Exercise objective:
Return all of the listing word for word; the pictures stay out.

Data:
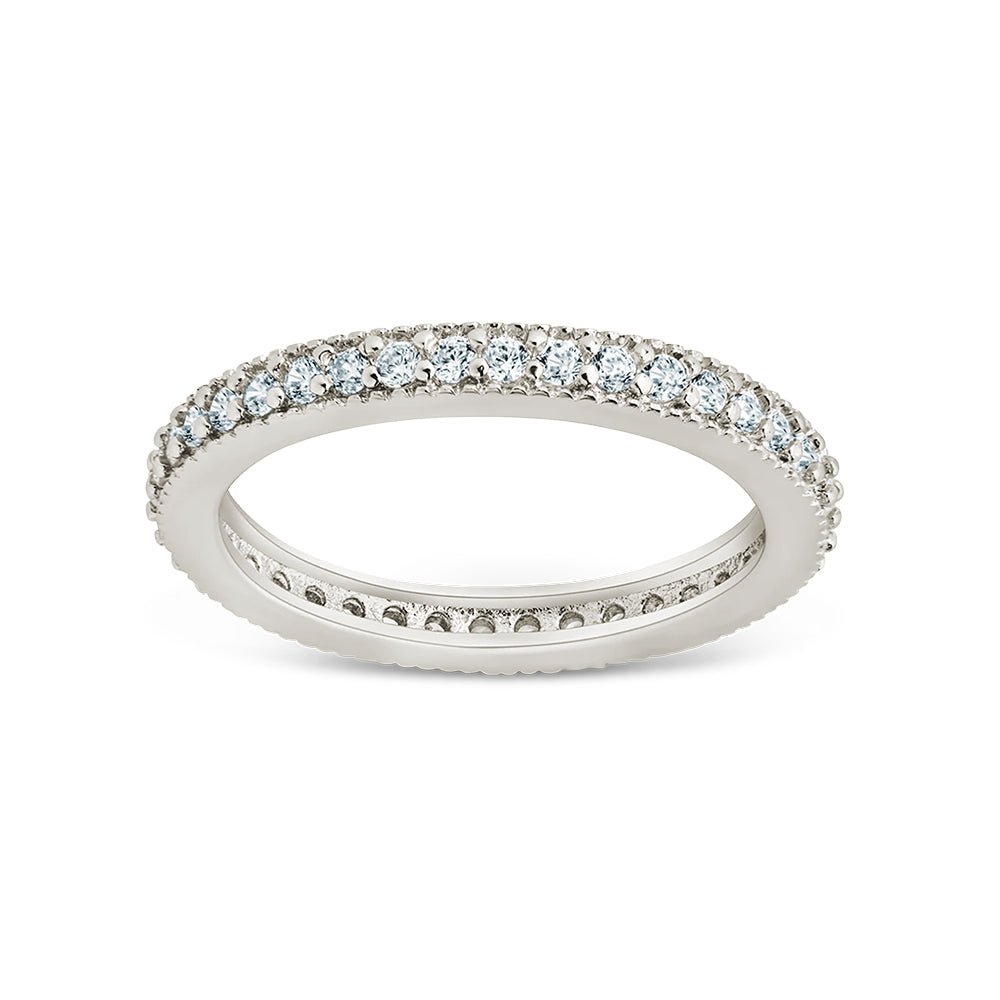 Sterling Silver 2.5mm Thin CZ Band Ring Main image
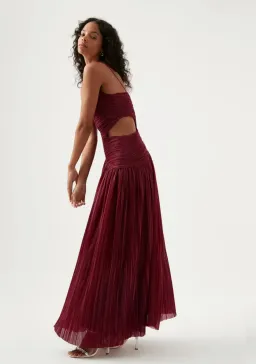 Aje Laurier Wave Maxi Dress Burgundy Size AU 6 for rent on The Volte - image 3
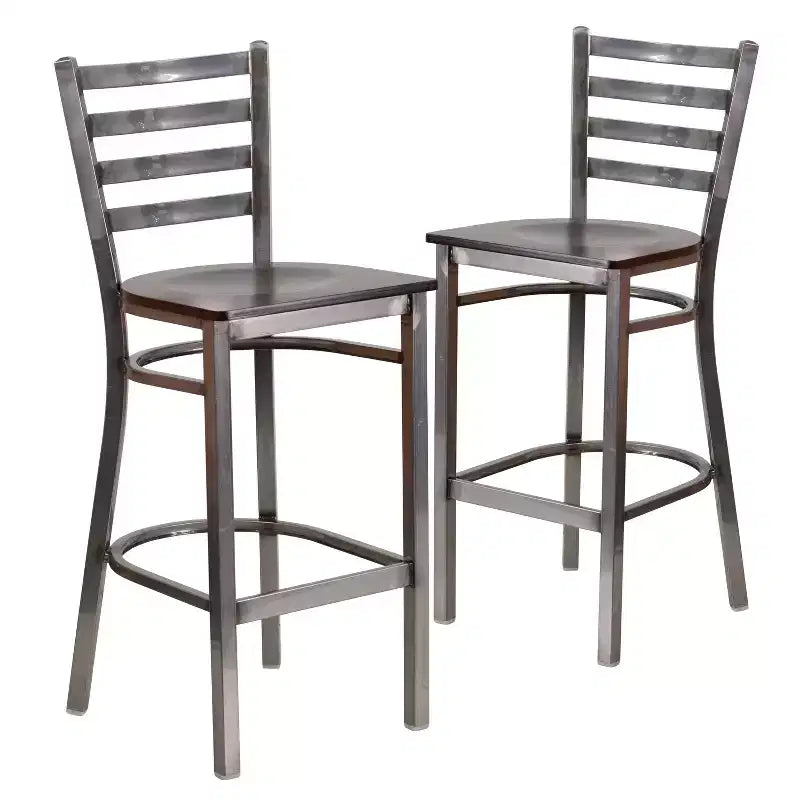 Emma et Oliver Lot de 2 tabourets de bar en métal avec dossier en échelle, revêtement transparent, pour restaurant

Answer to this task:
 Sterling Silver 2.5mm Thin CZ Band Ring Main image
 Aje Laurier Wave Maxi Dress Burgundy Size AU 6 for rent on The Volte - image 3
 Emma et Oliver Lot de 2 tabourets de bar en métal avec dossier en échelle, revêtement transparent, pour restaurant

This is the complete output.